The CFL yesterday deleted a column from its website in which the former player-turned-broadcaster suggested marijuana use in the league is rampant and commissioner Mark Cohon is planning to waste money with an unnecessary drug policy. The column, which was topped by the headline “CFL — Clean Football League,” was initially posted on www.cfl.ca four days ago.
Metro created nationwide attention for the column in its Wednesday editions by outlining Millington’s eyebrow-raising revelations and views, and urging readers to check them out on the CFL’s site. Dozens of readers e-mailed us yesterday, however, to complain they couldn’t find the piece.
The reason? Well, upon further review, the CFL decided to pull it. And Millington was thrown for a loss.

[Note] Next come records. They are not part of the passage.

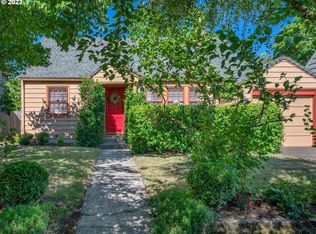 5825 SE 23rd Ave, Portland, OR 97202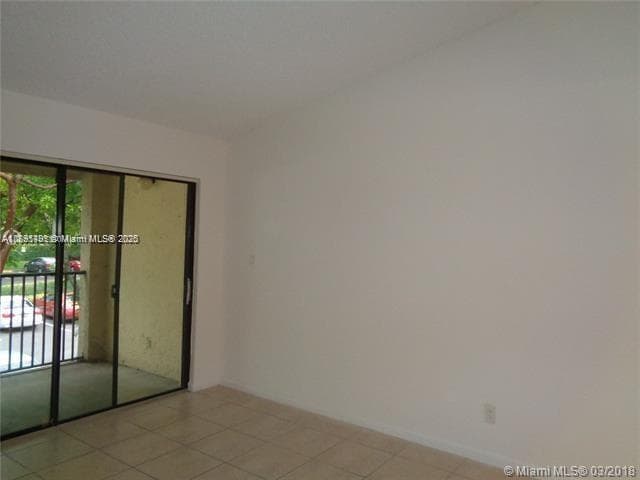 Building Photo - 650 S Park Rd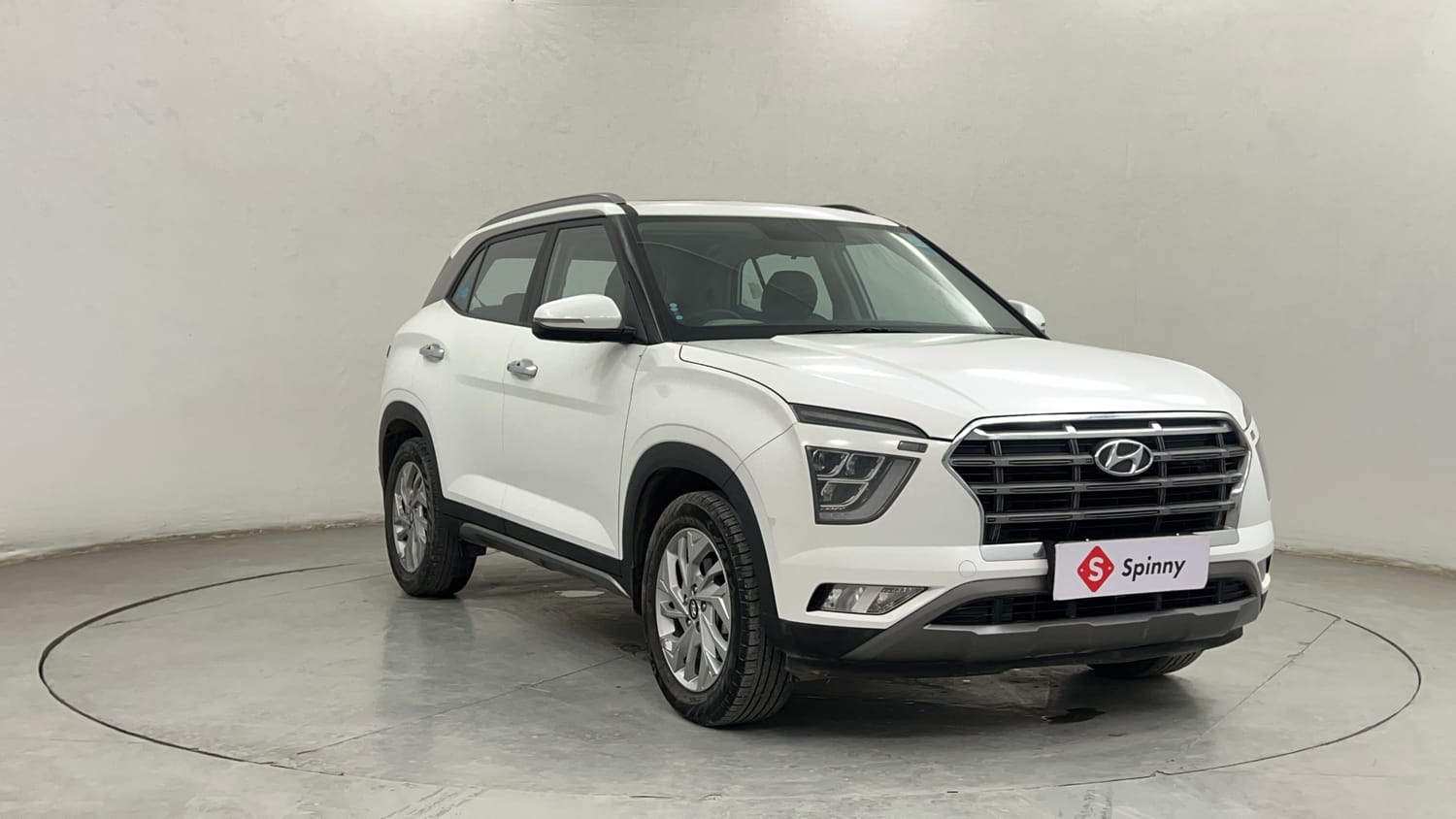 Used 2023 Hyundai Creta SX 1.5 Petrol Petrol Manual exterior RIGHT FRONT CORNER VIEW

“It’s disappointing,” the CBC football analyst told Metro yesterday from his Vancouver home. “I’d like to feel that my opinion should stand on its own merits and that it shouldn’t arbitrarily be taken off. I think it should be on the site to promote conversation and debate.”
Millington, who spent 13 seasons as a fullback with the B.C. Lions, Edmonton Eskimos, Winnipeg Blue Bombers and Toronto Argonauts, wrote, while smoking pot is “large” among CFL players, there’s little use of performance-enhancing drugs, mostly because CFLers generally can’t afford them.

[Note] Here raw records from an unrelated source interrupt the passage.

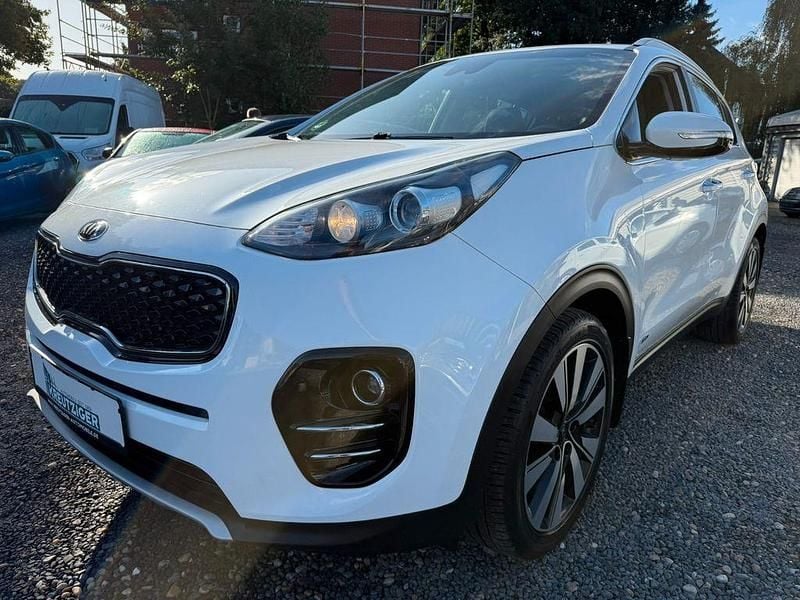 Weiß Gebraucht 2017 Kia Sportage SUV | 16.990 € (Guter Preis) - Bild 1/4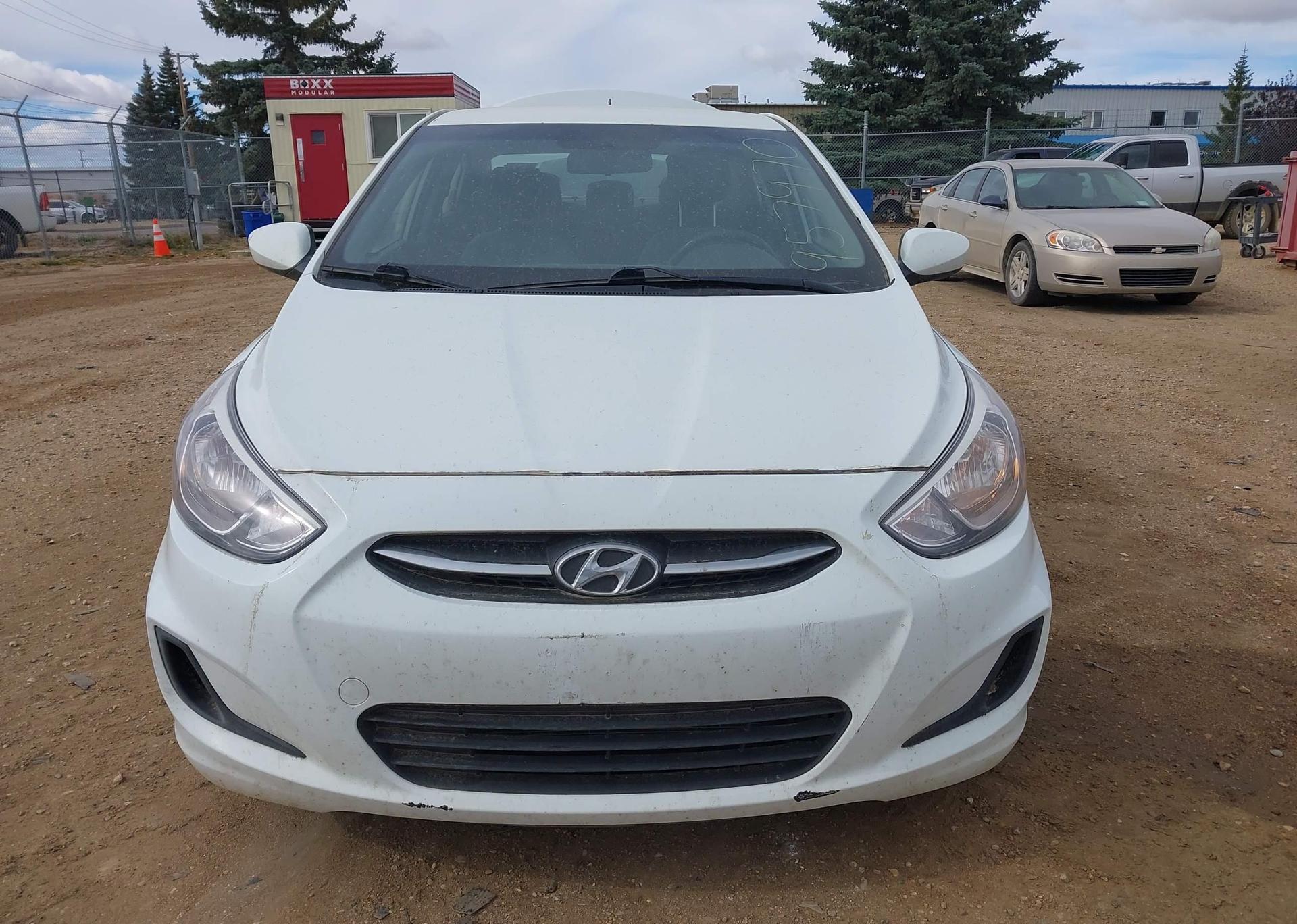 2016 HYUNDAI ACCENT SE
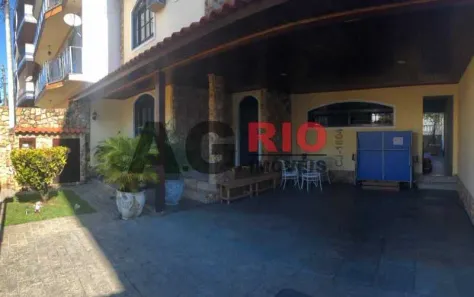 Casa de Condomínio com 4 Quartos à venda, 250m² no Vila Valqueire, Rio de Janeiro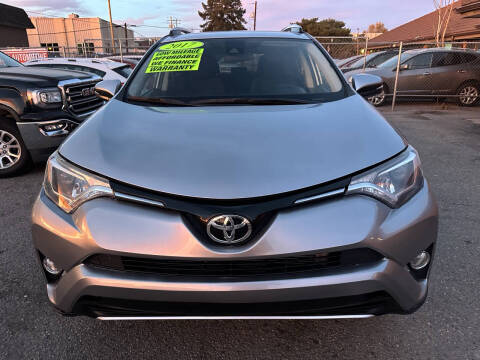 2017 Toyota RAV4 XLE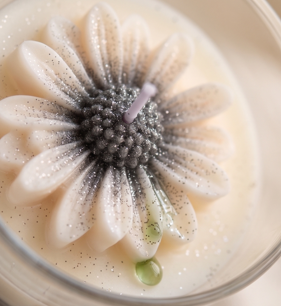 Marble Flower Candle – Eucalyptus & Sea Salt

He wrote that Cohon’s plans to develop a drug policy were senseless and the commissioner merely “wants the drug policy so he can have the CFL appear to be in line with similar policies in the NFL, NBA and MLB. This desire is birthed from a feeling of inferiority with regards to those leagues.”
Yesterday, in our interview, Millington took it a step further, saying: “It frustrates me because, in the CFL, people bitch about having to save money, so why is Cohon wasting money on a drug policy? I mean, the NFL has a drug policy, so the CFL has to have one? It’s ridiculous.”
Millington, never afraid to speak his mind, said he knew his column would cause a stir, but was assured on the weekend by cfl.ca editor Josh Bell Webster it would run on the website.
“Josh said it was controversial, but that he’d go with it anyway,” Millington said. “I don’t know what happened.”
The CFL, through spokesman Jamie Dykstra, refused to comment on Millington, his column or the website.